INSTRUCTIONS FOR THE TASK
Starting at the line below with "this 830×556 image." and stopping at the line with "this 1100×760 image.", please print each line exactly, those two included, and skip every picture.

-------- MATERIAL TO PROCESS --------

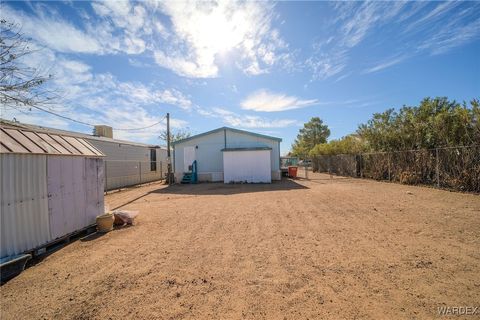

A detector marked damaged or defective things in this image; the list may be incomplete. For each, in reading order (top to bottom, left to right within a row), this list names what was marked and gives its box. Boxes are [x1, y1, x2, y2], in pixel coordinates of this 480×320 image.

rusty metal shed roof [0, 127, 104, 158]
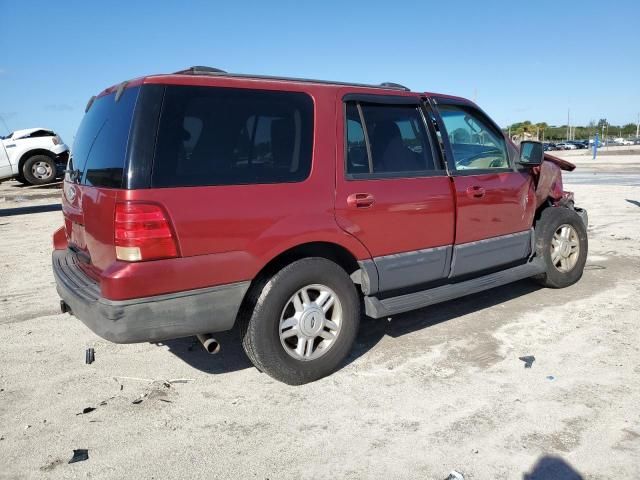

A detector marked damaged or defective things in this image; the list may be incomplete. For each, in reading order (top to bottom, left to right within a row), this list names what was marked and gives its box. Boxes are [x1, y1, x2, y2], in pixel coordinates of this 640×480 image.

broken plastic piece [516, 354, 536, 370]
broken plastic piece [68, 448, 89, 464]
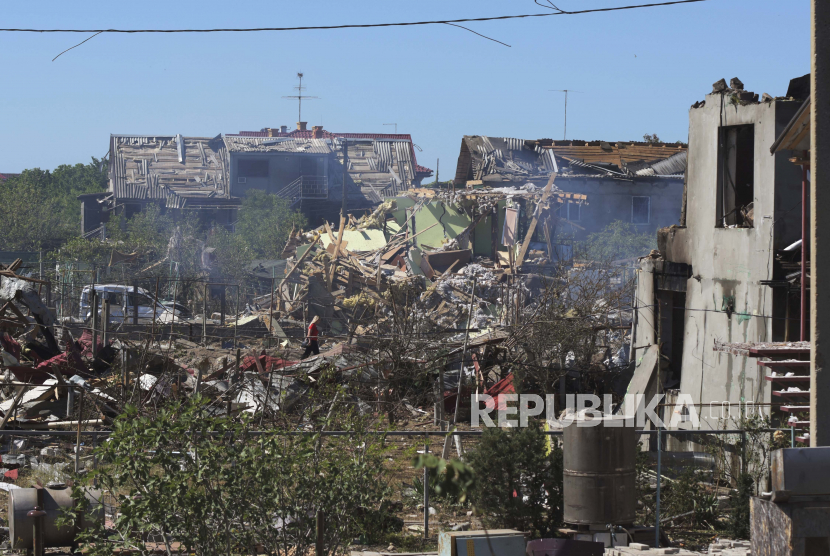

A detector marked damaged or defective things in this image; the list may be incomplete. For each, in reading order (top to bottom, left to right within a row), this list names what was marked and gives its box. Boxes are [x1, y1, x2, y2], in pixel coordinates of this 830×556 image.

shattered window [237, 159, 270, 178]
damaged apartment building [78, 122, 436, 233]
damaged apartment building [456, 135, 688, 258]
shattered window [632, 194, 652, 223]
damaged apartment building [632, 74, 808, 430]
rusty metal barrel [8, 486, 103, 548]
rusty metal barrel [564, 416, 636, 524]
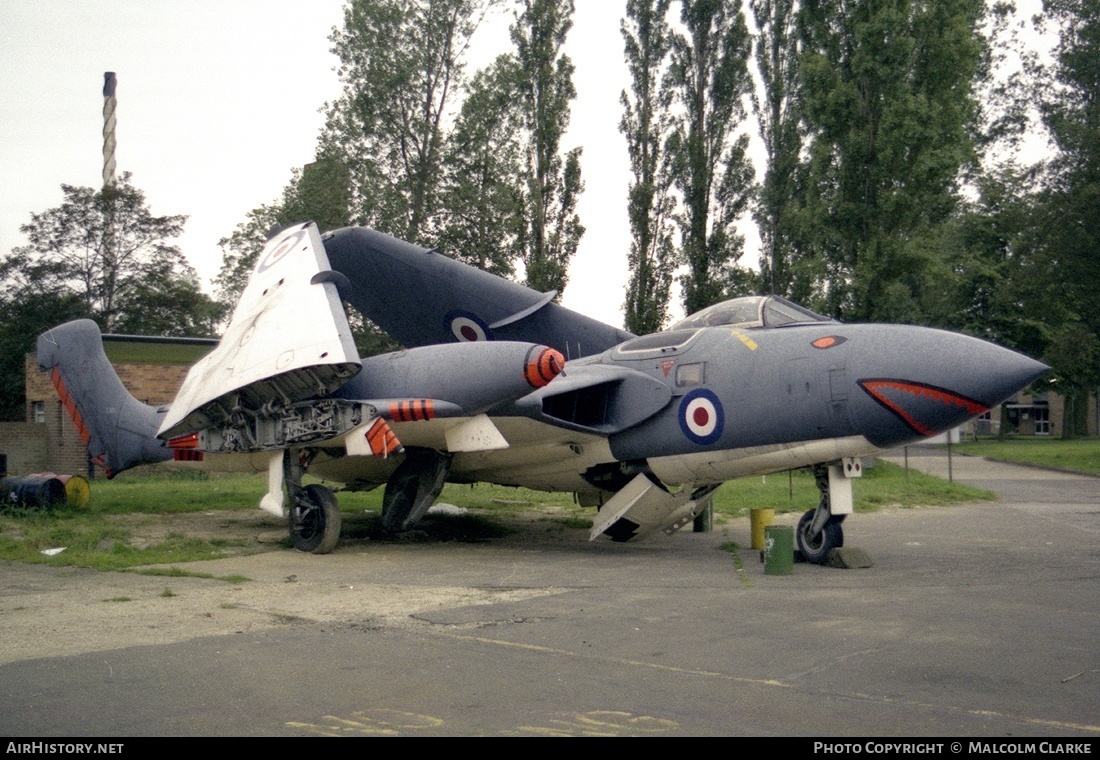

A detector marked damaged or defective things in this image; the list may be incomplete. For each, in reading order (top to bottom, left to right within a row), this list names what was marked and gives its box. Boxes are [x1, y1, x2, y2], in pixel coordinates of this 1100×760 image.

--------
-------- MATERIAL TO PROCESS --------

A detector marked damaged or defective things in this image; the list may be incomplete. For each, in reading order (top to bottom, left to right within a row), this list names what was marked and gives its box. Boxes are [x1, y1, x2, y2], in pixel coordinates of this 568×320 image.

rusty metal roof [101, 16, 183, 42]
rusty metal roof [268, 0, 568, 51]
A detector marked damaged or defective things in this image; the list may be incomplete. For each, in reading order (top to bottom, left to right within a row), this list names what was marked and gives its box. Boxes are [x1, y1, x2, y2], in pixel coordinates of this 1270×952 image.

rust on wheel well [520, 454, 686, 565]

--------
-------- MATERIAL TO PROCESS --------

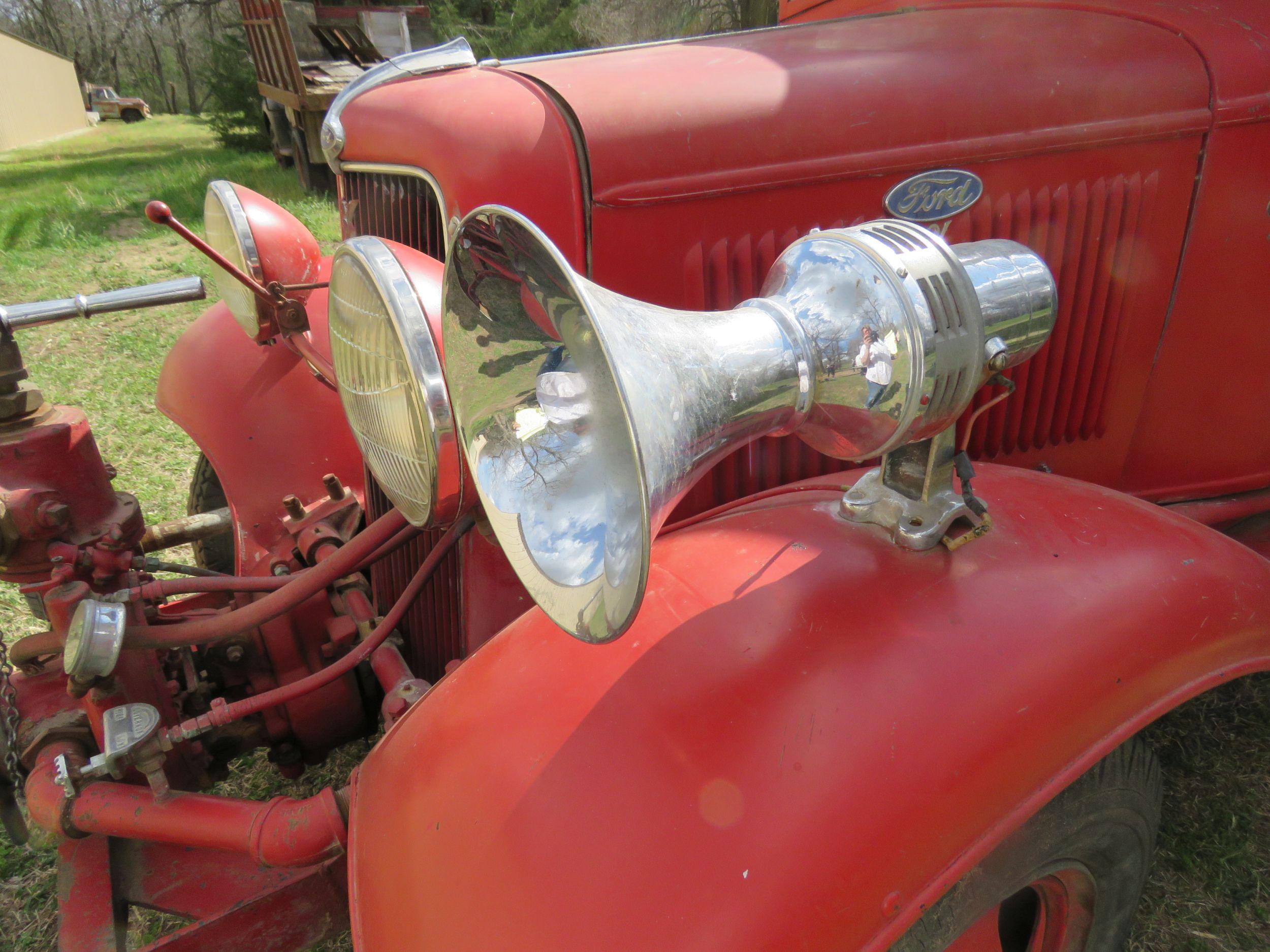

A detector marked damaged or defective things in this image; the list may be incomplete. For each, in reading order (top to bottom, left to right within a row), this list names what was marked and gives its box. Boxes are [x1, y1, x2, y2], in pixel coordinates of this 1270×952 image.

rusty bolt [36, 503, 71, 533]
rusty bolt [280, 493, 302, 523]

--------

WRITTEN RESPONSE
A detector marked damaged or defective things in this image; the list may be incomplete. For each, in reading order (top to bottom, left to right within a row), this list names what was marked and gives its box. Boxes are [x1, y1, x2, y2], in pixel coordinates of this 830×556 image.

shattered window [237, 159, 270, 178]
damaged apartment building [78, 122, 436, 233]
damaged apartment building [456, 135, 688, 258]
shattered window [632, 194, 652, 223]
damaged apartment building [632, 74, 808, 430]
rusty metal barrel [8, 486, 103, 548]
rusty metal barrel [564, 416, 636, 524]

A detector marked damaged or defective things in this image; the list may be incomplete. For each, in reading order (top to bottom, left to right within a row), this list names what was marked and gives its box. Boxes are [x1, y1, x2, y2], in pixel coordinates of this 1100×760 image.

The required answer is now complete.